* _SOURCE MATERIAL_:
BEGIN
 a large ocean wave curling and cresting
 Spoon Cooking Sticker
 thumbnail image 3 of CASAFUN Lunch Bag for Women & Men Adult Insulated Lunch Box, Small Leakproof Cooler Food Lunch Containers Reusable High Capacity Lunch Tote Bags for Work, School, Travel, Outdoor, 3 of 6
END
Restate all of the material above exactly as written.

 a large ocean wave curling and cresting
 Spoon Cooking Sticker
 thumbnail image 3 of CASAFUN Lunch Bag for Women & Men Adult Insulated Lunch Box, Small Leakproof Cooler Food Lunch Containers Reusable High Capacity Lunch Tote Bags for Work, School, Travel, Outdoor, 3 of 6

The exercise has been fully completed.